A Sad Day

Tim Attolino Jr.
3 min readJan 7, 2021

Yesterday was an incredibly sad, frustrating, and infuriating day. Thousands of insurrectionists/domestic terrorists/rioters/whatever the hell you want to call them stormed the grounds of the US Capitol and broke in. They broke windows and doors, desecrated offices and chambers, and unleashed gun shots and tear gas, something that hasn’t been seen in the US Capitol since 1814 when the British invaded during the War of 1812. One of the most frustrating things to me was not that it happened or why it happened, but HOW it happened. Hundreds and hundreds of people were allowed to walk through barricades and checkpoints scot free, and in numerous instances, were guided in by Capitol police and security. Hundreds of members of Congress and the Senate, and their staffers, were forced to lockdown, huddle in place, and put on gas masks to protect themselves from the tear gas. I guess you could say that Congress and the Senate know a bit now what it’s like to be involved in a mass shooting, another issue that plagues our country.

1/7/2021 from 11th Hour

Per the Capitol Police as of 1/7/2021, fourteen people were arrested. 14! During the protests in New York after the death of George Floyd, I witnessed more than fourteen people be arrested for violating curfew in less than 3 minutes.
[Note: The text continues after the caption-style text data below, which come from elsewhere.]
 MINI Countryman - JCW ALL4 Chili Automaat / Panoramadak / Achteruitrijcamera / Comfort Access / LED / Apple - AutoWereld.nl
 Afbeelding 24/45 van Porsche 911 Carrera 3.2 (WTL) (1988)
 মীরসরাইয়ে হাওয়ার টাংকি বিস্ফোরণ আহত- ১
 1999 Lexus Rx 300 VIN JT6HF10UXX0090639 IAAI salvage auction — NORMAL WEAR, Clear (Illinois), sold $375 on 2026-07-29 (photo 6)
But when thousands of people broke through a locked US Capitol to force it into lockdown, they were allowed to walk out as if it didn’t happen. I can’t qWHITE put my finger on why that would be the case…
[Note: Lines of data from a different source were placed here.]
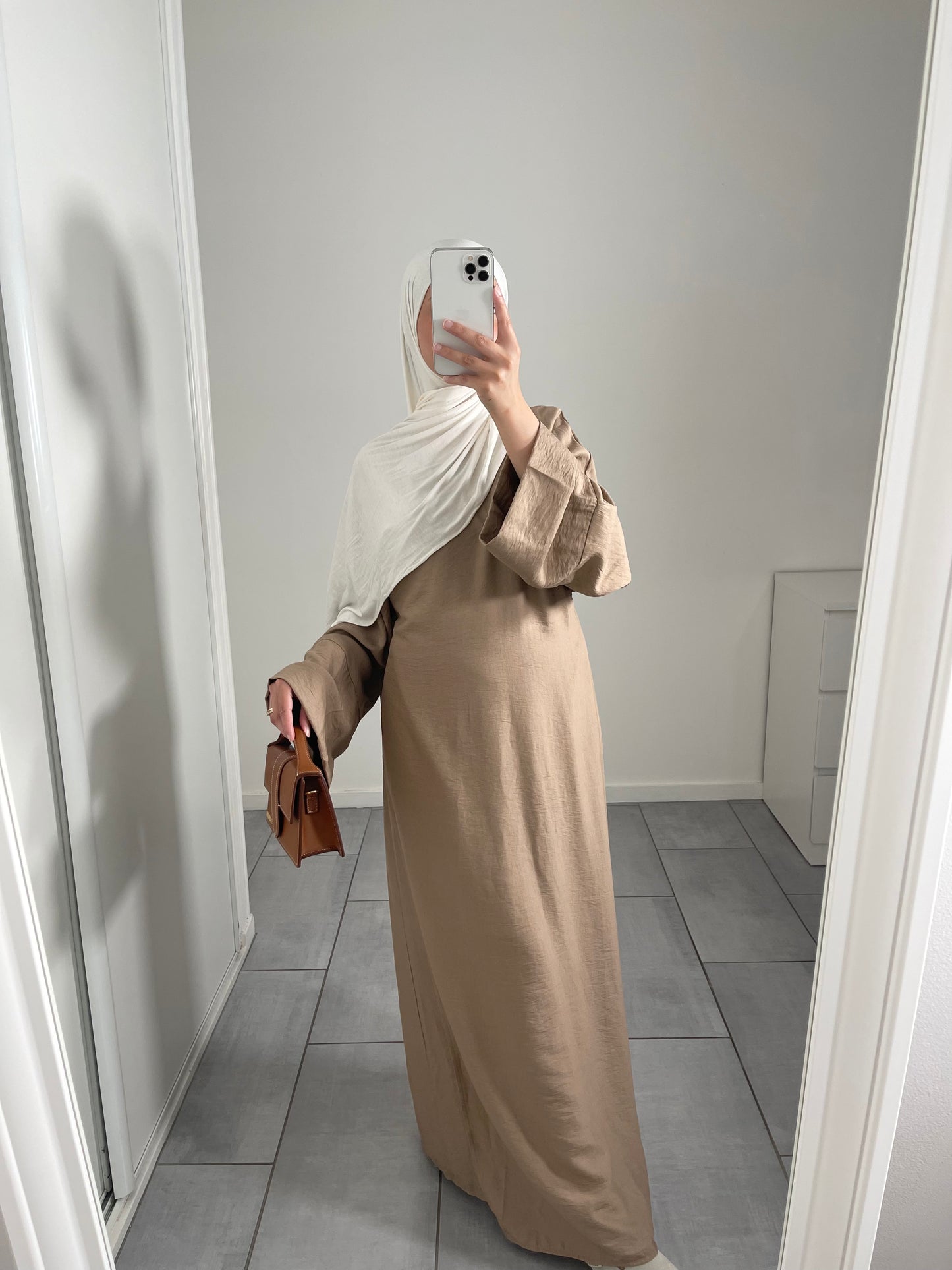 Robe Wallet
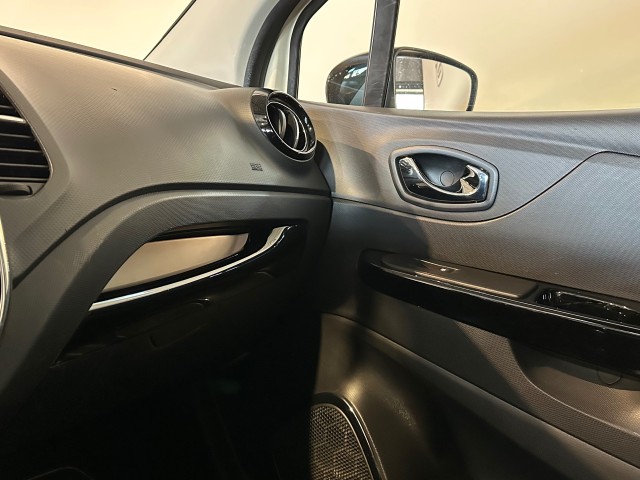 RENAULT CAPTUR 0.9 TCE XMOD l NAP l HALF LEDER l CAMERA l NAVI l LMV l , SK Autos, Emmen
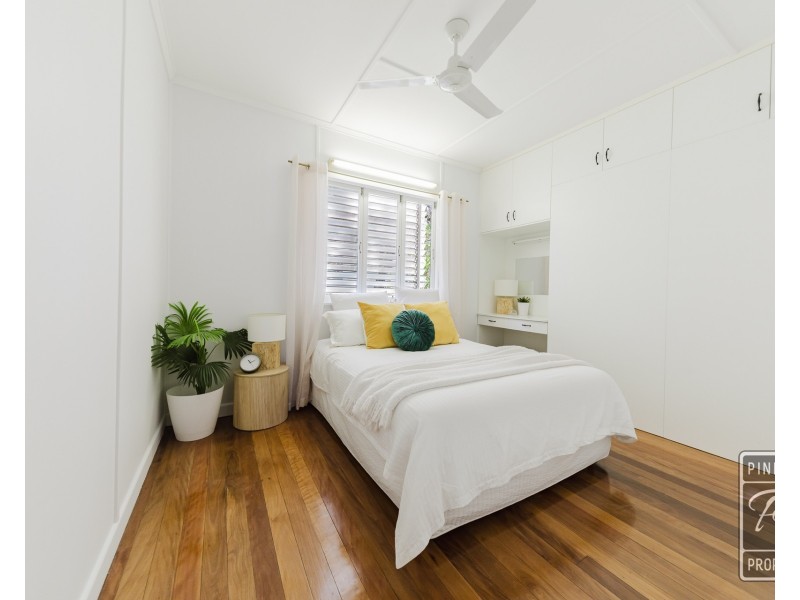 23 Stuart Street, Eastern Heights QLD 4305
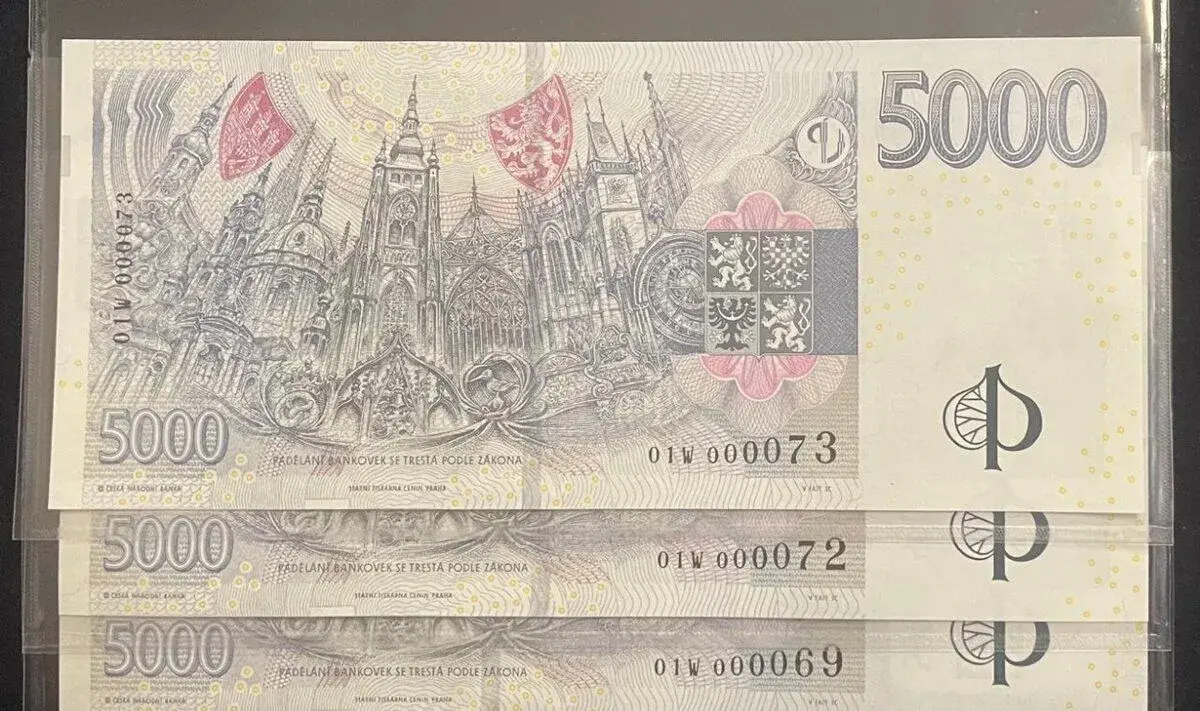 5000 Kč přítisk 01W | dvojčísla 69, 72, 73 | postupka | UNC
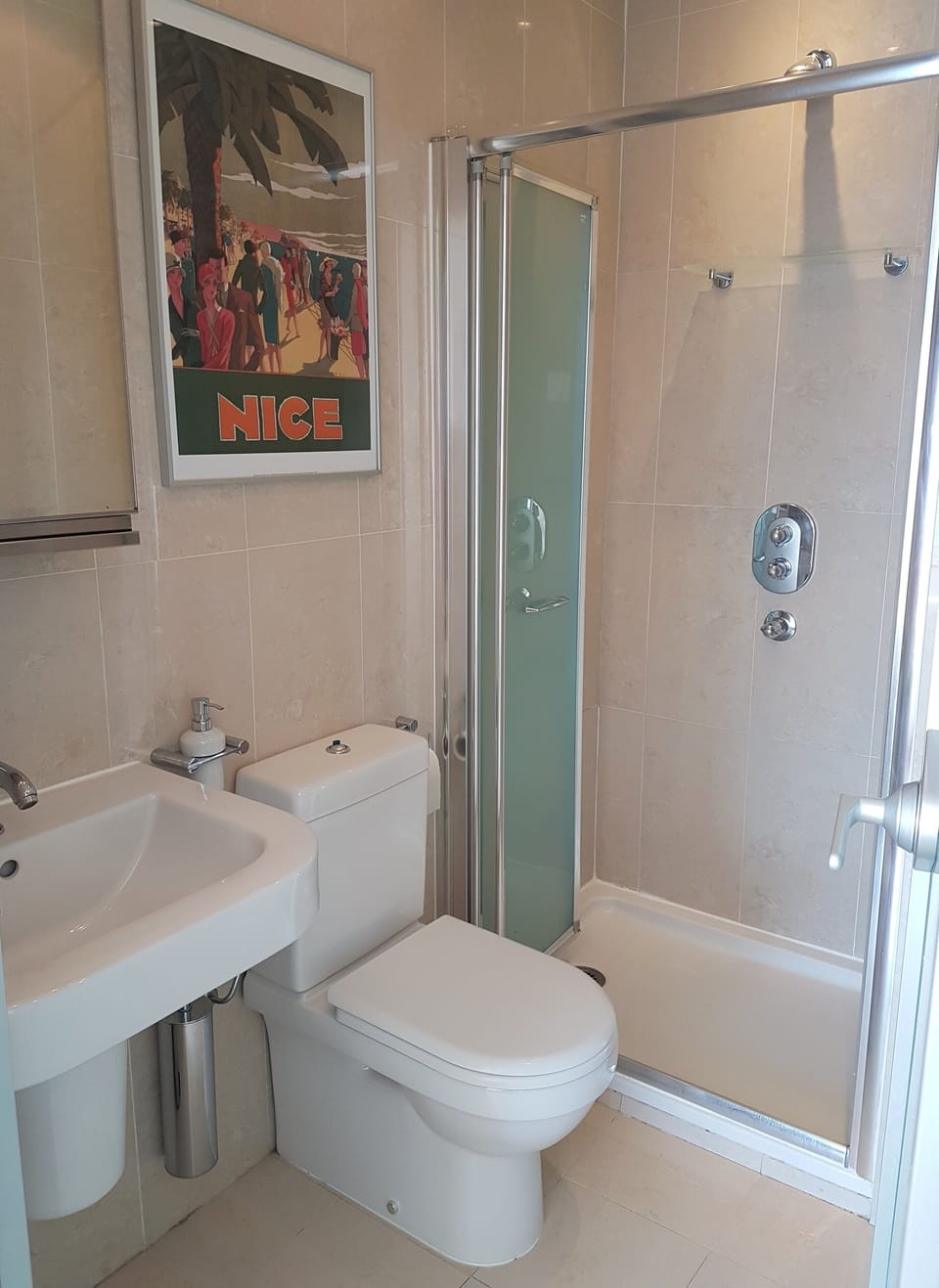 En suite bathroom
Social media has been filled with “what-about-isms” in the hours since this horrid incident. Dozens of my Twitter/Instagram/Facebook followers have shared platitudes that refer back to Black Lives Matter protests (as if people aren’t still protesting and as if police brutality isn’t still a massive plague in this country). To them, I share a message from Kirsten Powers, senior political analyst and USA Today columnist: “If you don’t know the difference between people protesting police brutality/hundreds of years of racism and people storming the Capitol of the United States to disrupt the certification of an election b/c of a conspiracy theory the PRESIDENT OF THE US created, I can’t help you.”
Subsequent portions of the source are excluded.